Muséal? Rien de tout cela. Le décor étrenne ses toiles peintes
exotiques, dans le goût et l'esprit du XIXe siècle, qui forment comme un
joli livre d'images, empreint de nostalgie. L'éléphant, le tigre et les
perroquets sont naturellement présents à l'appel, tandis que les tutus
aux jupons mousseux légèrement tombants (vraisemblablement piqués à la
reconstruction de Vikharev) qu'arborent les danseuses du corps de ballet
– Bayadères ou Ombres – offrent à l'ensemble un cachet impérial unique.

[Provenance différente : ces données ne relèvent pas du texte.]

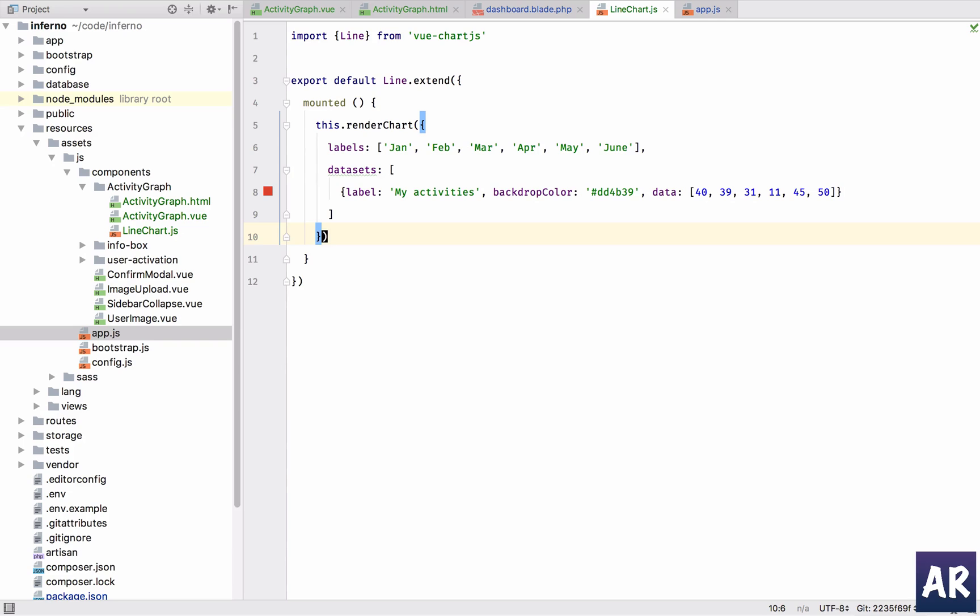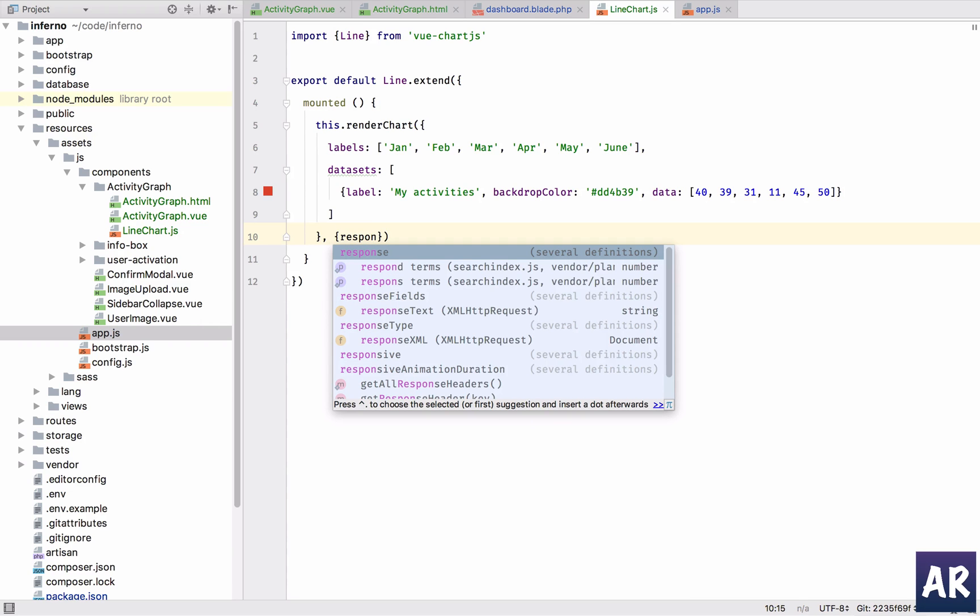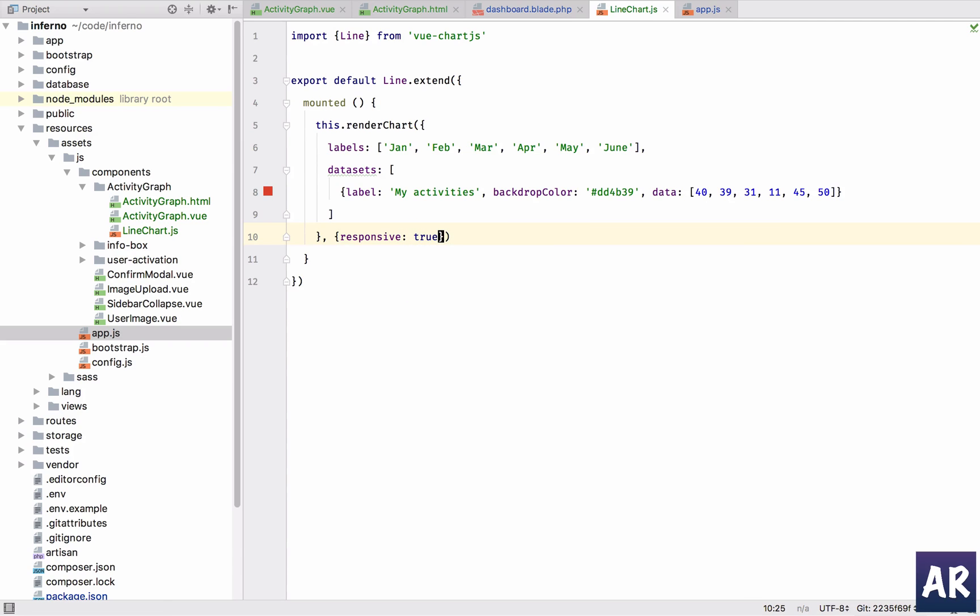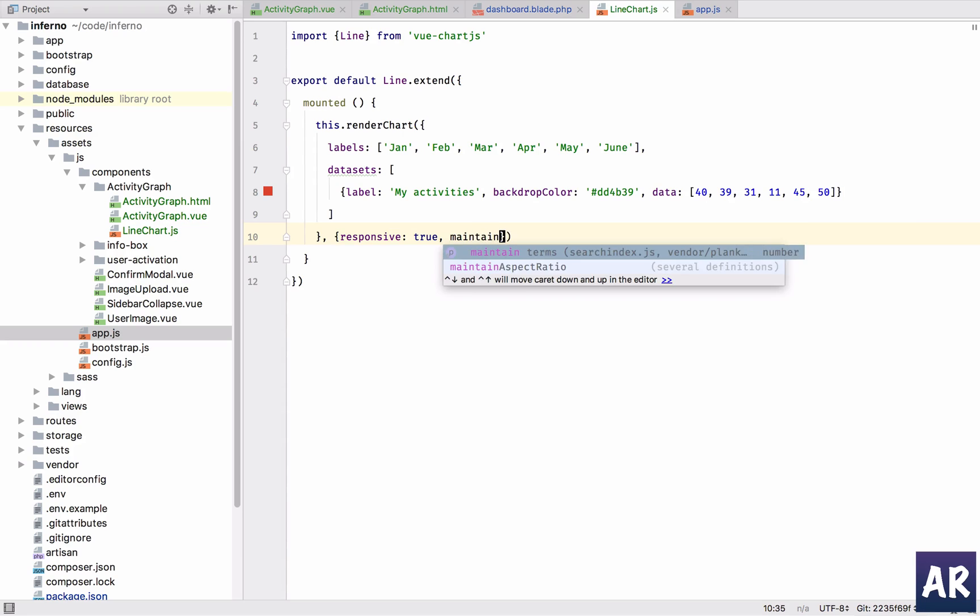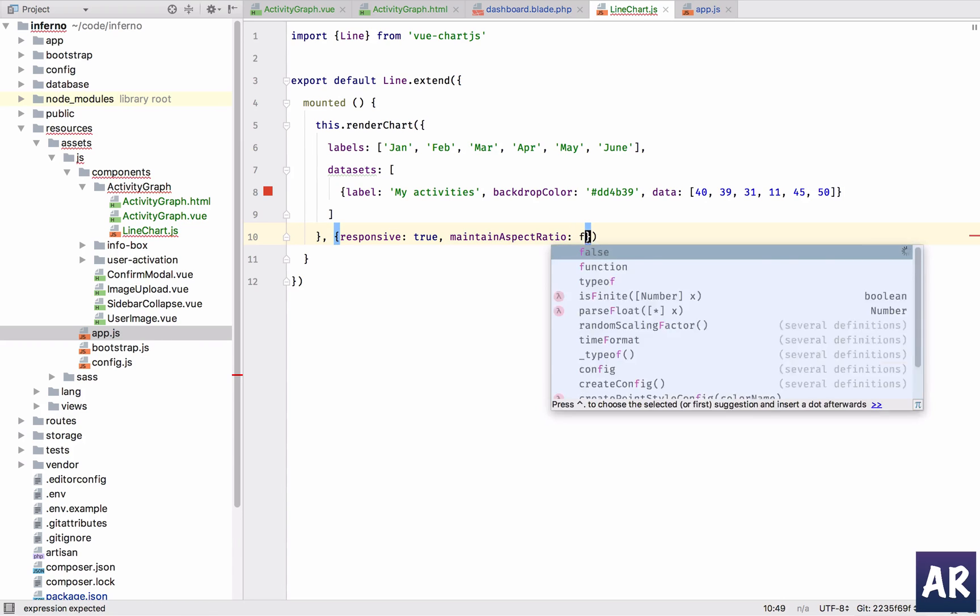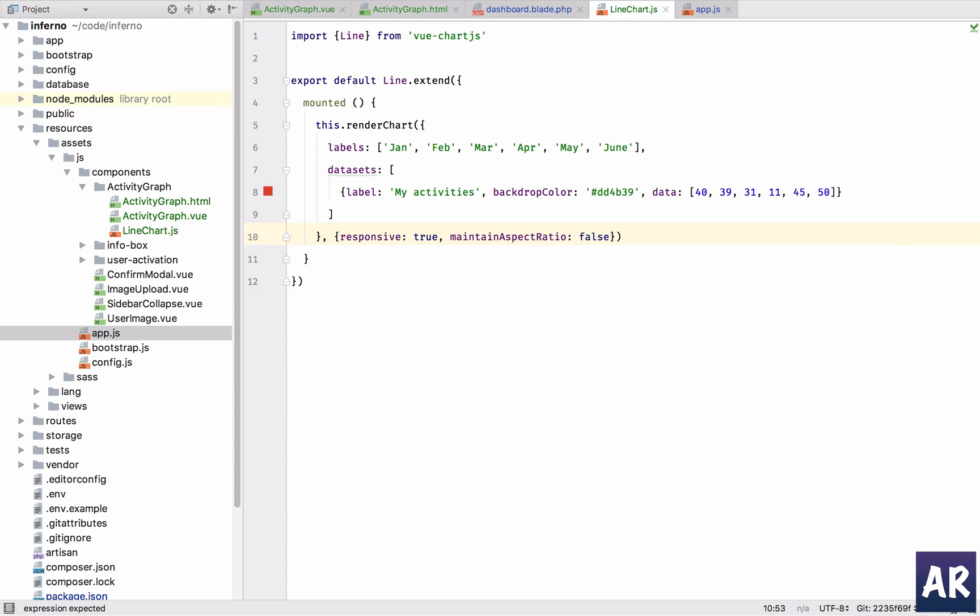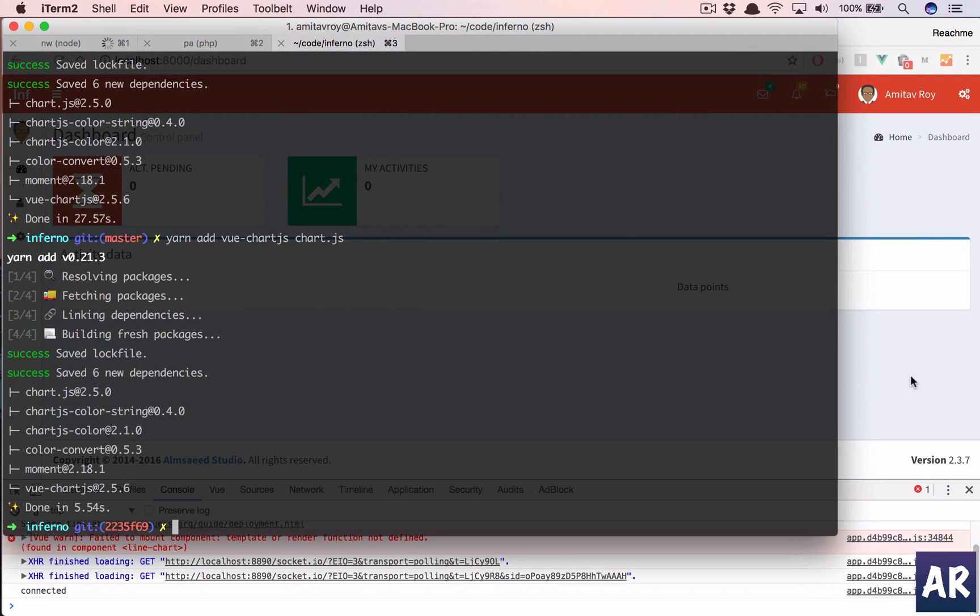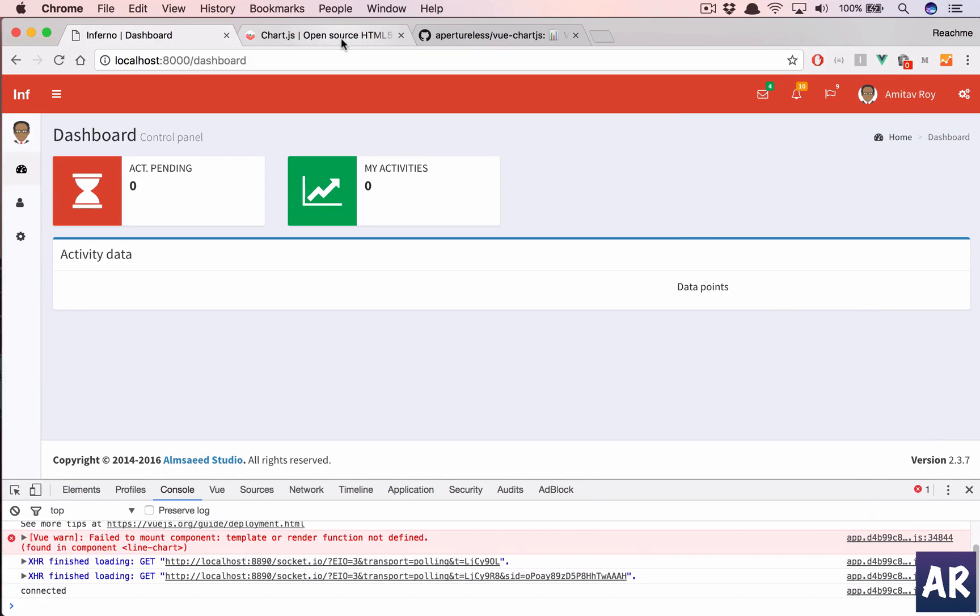And then in here I'll pass two more things. Responsive is true and maintain aspect ratio. I could keep it true, false, whatever is your preference if you want to see.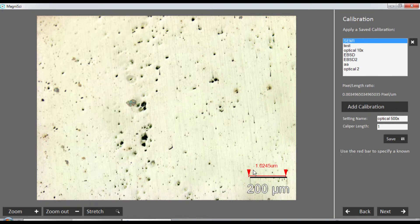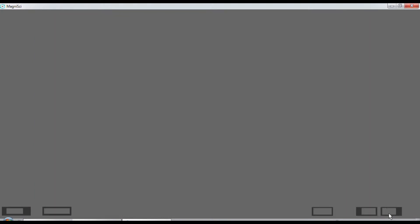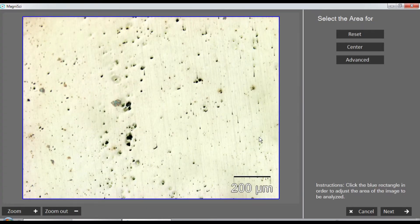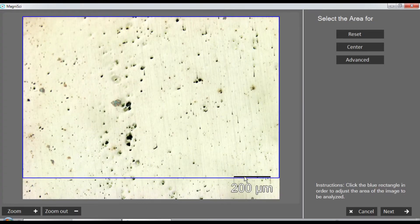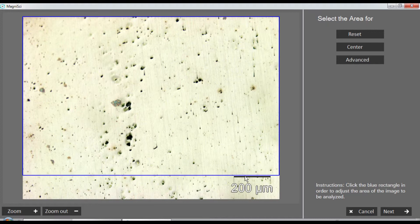Doing the calibration on this image would limit the field of view because we have to cut that part out of the image. I call that 200x, save this, and choose that calibration for my image analysis. Now we have to select the area for analysis - I'm going to get rid of this particular feature right above the line, then say next.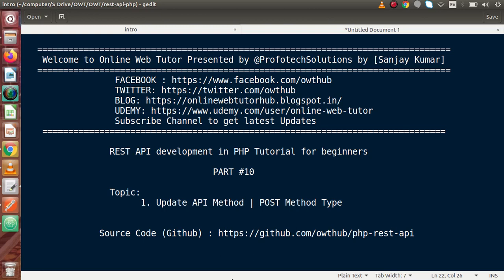Hello guys, welcome to Online Web Tutor presented by Prophetic Sessions team. I am Sanjay. We are learning REST API development in PHP. This is Part 10. Inside this video session, we are going to study about the Update API method.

Pour le reste, il ne faut pas chercher là le faste spectaculaire de la
version de Noureev (qui, en revanche, est resté très fidèle au texte de
la version révisée en 1941 par Vladimir Ponomarev et Vakhtang Tchaboukiani). Pas certain
du reste que le ballet, tel qu'il est dansé ici, dans cet écrin, en ait
vraiment besoin. Il est, avec son élégance et sa grandeur propres, et fait sens ainsi.
A
l'échelle du festival et des ouvrages du répertoire
classique à l'affiche, cette représentation de La Bayadère
est celle qui s'est avérée globalement la plus enthousiasmante. Si
l'on peut préférer – c'est mon cas – le classicisme épuré de Tereshkina,
sans parler de la spiritualité magnétique de Lopatkina, il faut bien
reconnaître qu'Oksana Skorik, probablement la plus controversée de
toutes les danseuses russes depuis l'invention du web 2.0, s'est muée en
une ballerine d'une superbe autorité, dont le titre paraît aujourd'hui
difficilement contestable, à en juger au moins par sa prestation en
Nikiya. Elle a en tout cas réussi à se débarrasser en partie de cette
image pénible de danseuse «à poses», au physique certes exceptionnel,
mais au visage froid, au cœur vide, et à la technique incertaine. Dans
les deux premiers actes, elle campe une héroïne fière et passionnée, aux
antipodes des conceptions fragiles et giselliennes, auxquelles donne
parfois lieu l'interprétation du rôle à Paris. Les répétitions ont
paraît-il été brèves, mais le duo avec la Gamzatti d'Hannah O'Neill est
d'une intensité à couper le souffle – comme quoi, l'efficacité
dramatique n'est pas qu'une affaire de gifles ou de roulades. Le lyrisme
intense des bras, accentué par l'incroyable souplesse du dos (dans le
grand solo de Nikiya à l'acte II, d'une grande richesse expressive, elle
arrive même à donner du sens à ce qui pourrait passer pour contorsion),
met par ailleurs bien en valeur toute l'ambivalence tragique du
personnage : d'un côté, une danseuse sacrée, noble par nature, de
l'autre, une figure de la marge, rejetée du fait de son appartenance à
une caste inférieure. Le troisième acte, à la fois plus technique et
plus intériorisé, reste un défi que la danseuse surmonte bien, malgré
certains choix esthétiques discutables, qui amènent une tension inutile
dans cette scène de rêve (des développés à la Zakharova en moins jolis,
un excès de vigueur dans le manège d'entrelacés... et c'est d'un coup un
visage qui se durcit et les vieux démons qui ressurgissent...).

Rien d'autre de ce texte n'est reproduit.